#### [YOUR INSTRUCTIONS]
Go to the line holding "The Pearl Teardrop" in the data below. Return it and each line after it through the last, exactly, and skip the pictures.

Web page caption snippets
····················

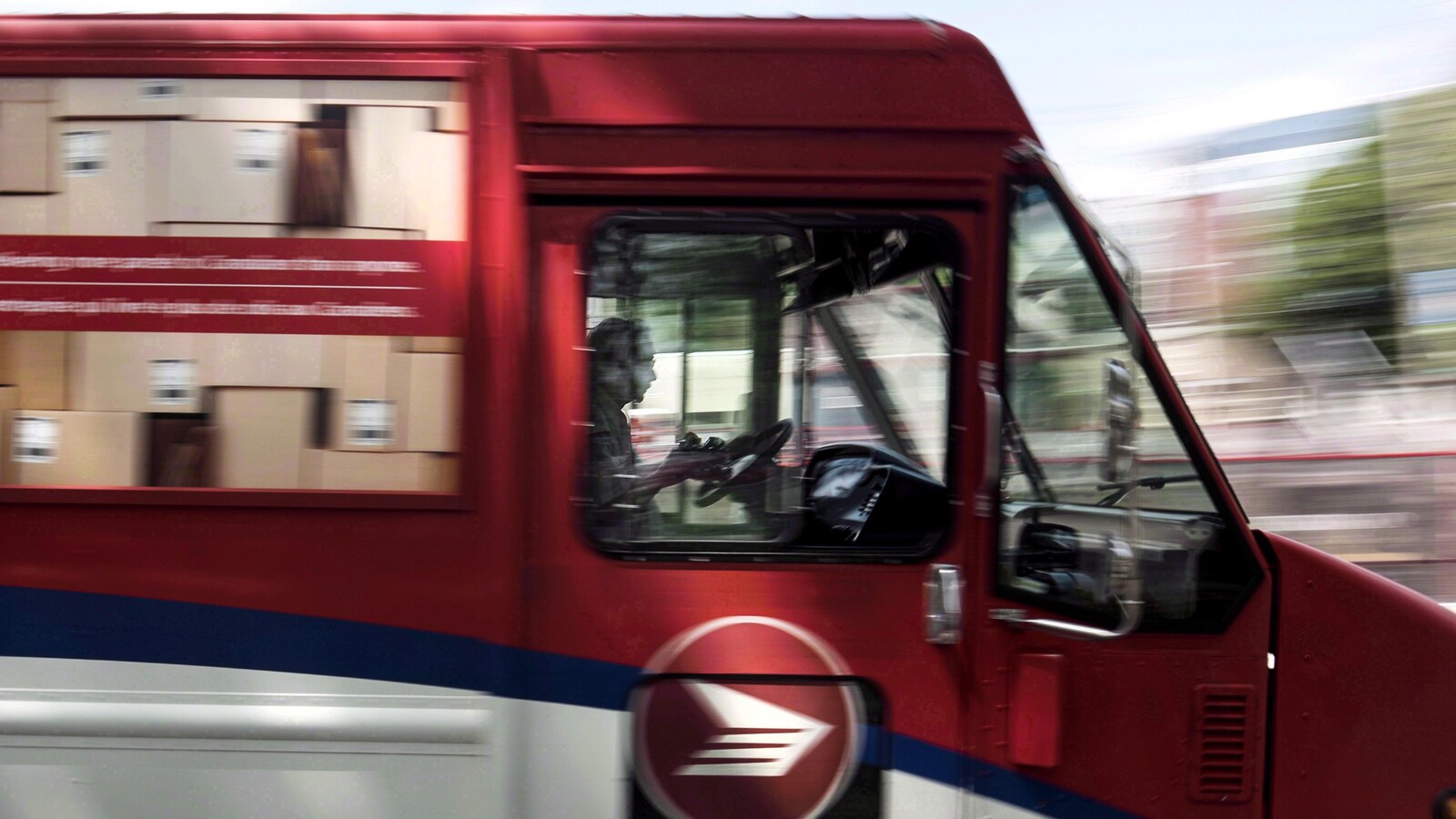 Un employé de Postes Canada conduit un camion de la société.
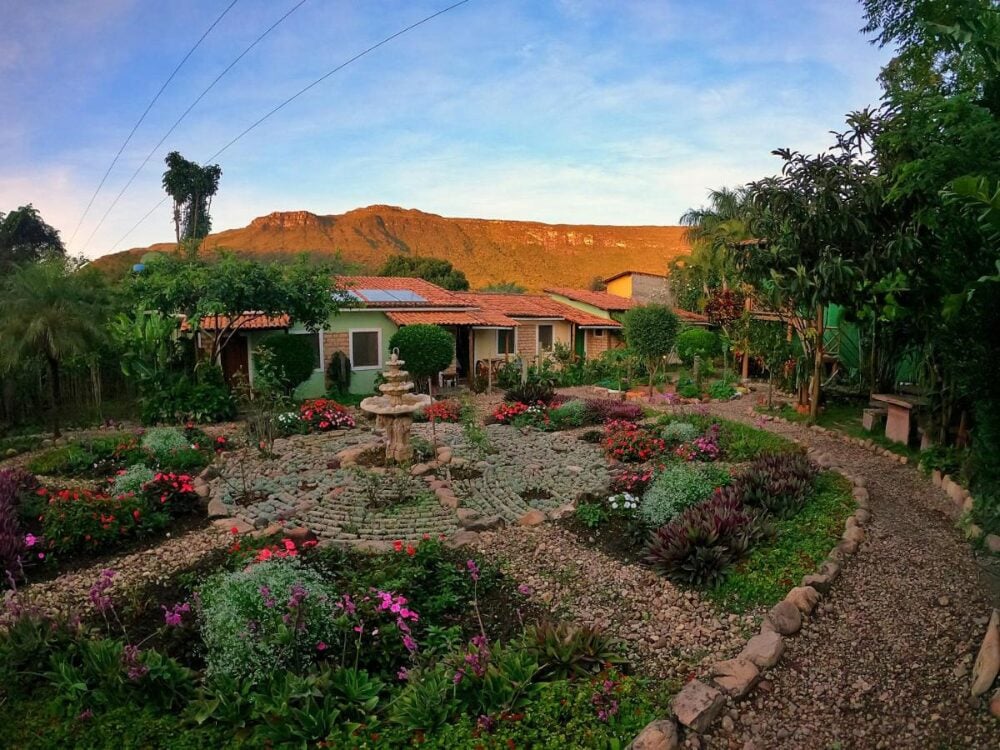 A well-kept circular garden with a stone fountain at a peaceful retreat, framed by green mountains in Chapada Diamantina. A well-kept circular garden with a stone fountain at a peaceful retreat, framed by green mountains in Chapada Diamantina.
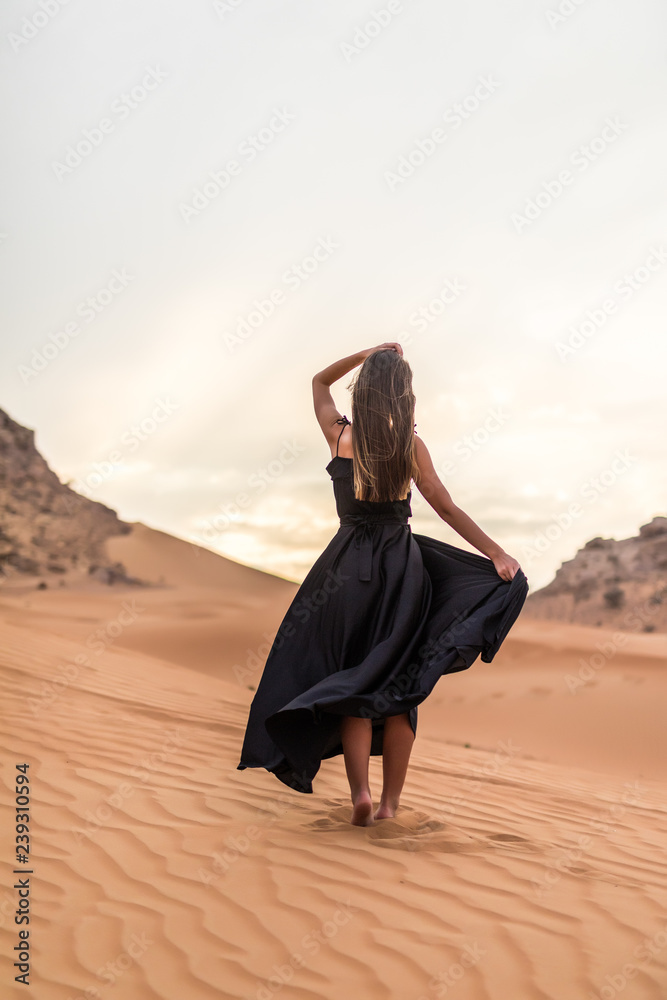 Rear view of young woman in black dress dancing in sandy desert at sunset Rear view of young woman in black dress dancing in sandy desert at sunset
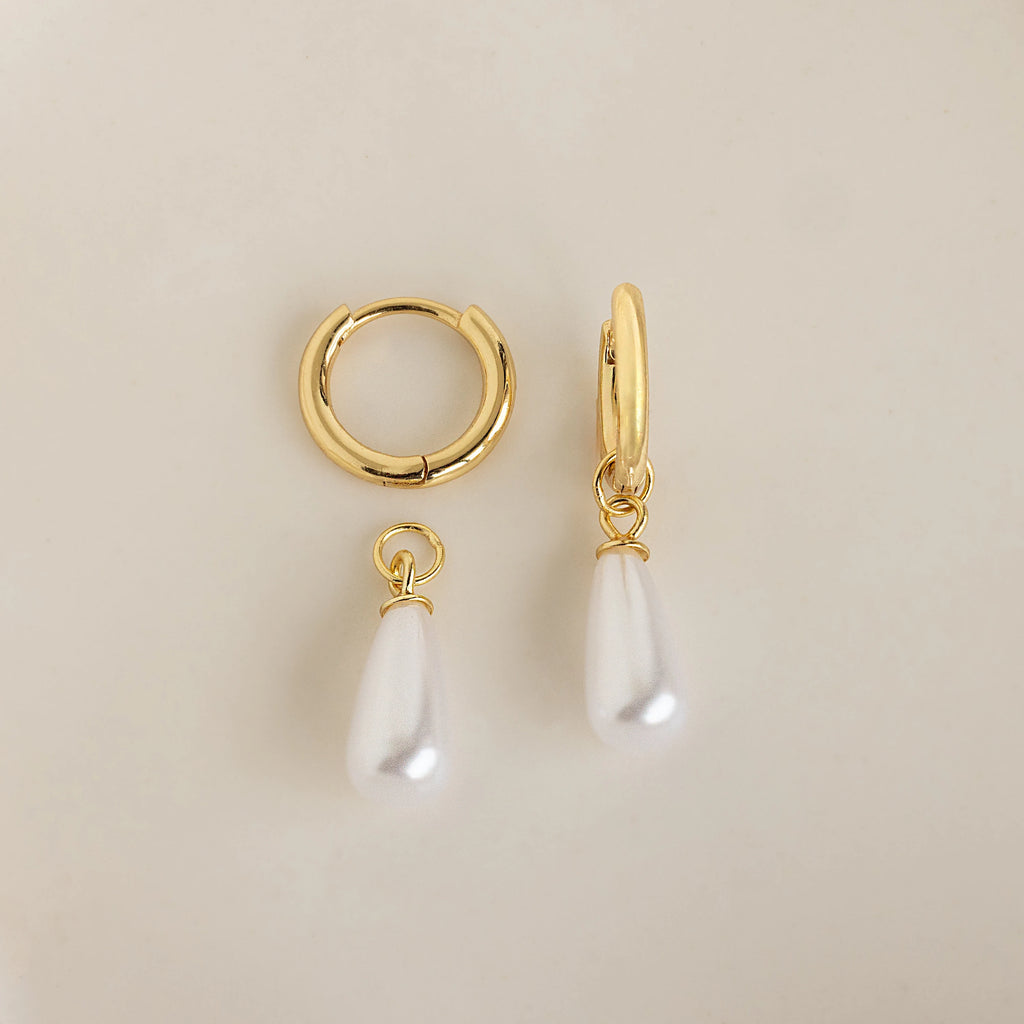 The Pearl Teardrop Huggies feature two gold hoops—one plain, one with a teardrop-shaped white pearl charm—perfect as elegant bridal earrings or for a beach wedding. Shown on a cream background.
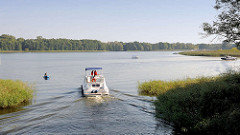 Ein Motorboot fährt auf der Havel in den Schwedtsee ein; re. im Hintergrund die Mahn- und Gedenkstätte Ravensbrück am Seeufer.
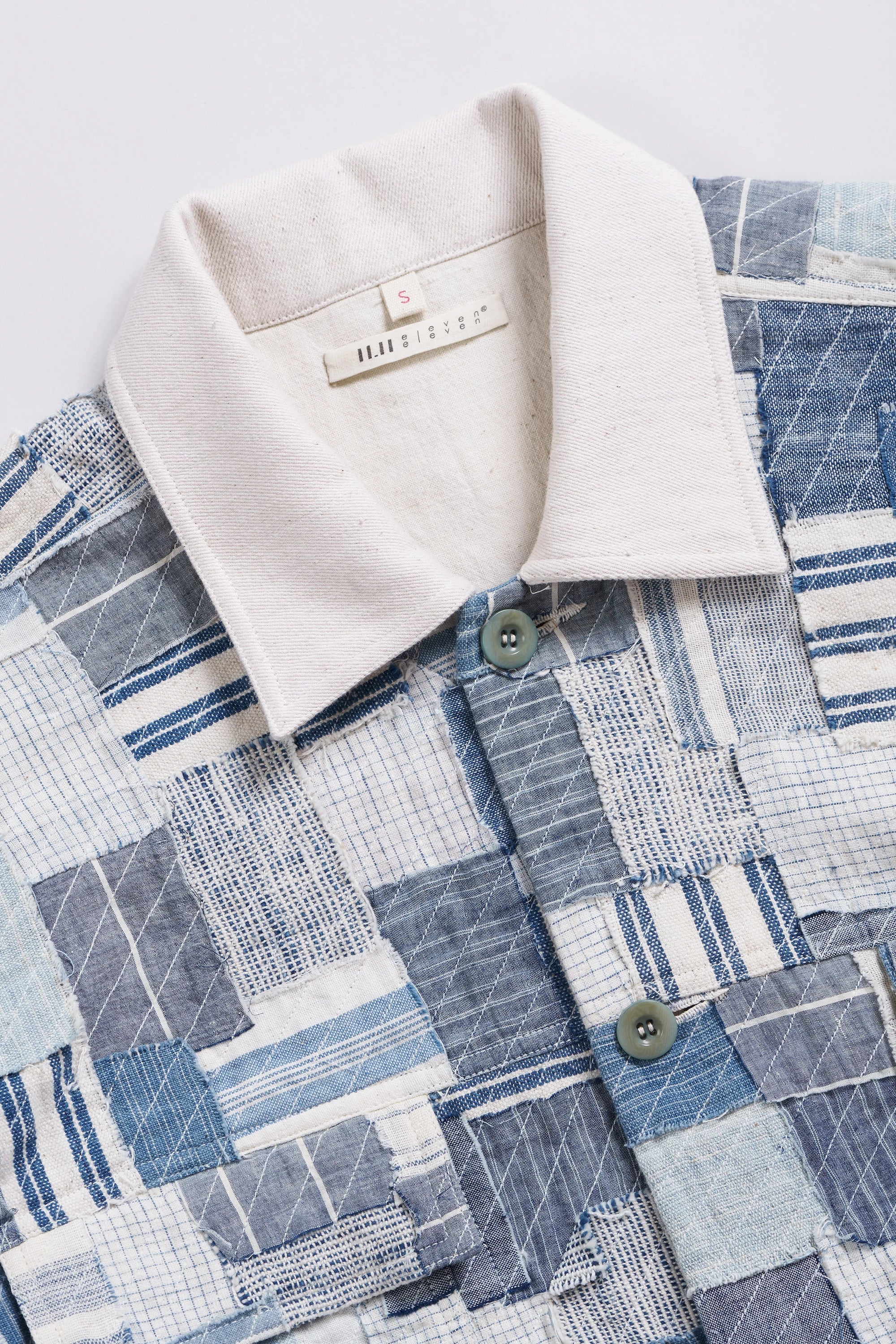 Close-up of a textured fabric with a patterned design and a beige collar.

····················

#### [SOLUTION TO THIS TASK]
 The Pearl Teardrop Huggies feature two gold hoops—one plain, one with a teardrop-shaped white pearl charm—perfect as elegant bridal earrings or for a beach wedding. Shown on a cream background.
 Ein Motorboot fährt auf der Havel in den Schwedtsee ein; re. im Hintergrund die Mahn- und Gedenkstätte Ravensbrück am Seeufer.
 Close-up of a textured fabric with a patterned design and a beige collar.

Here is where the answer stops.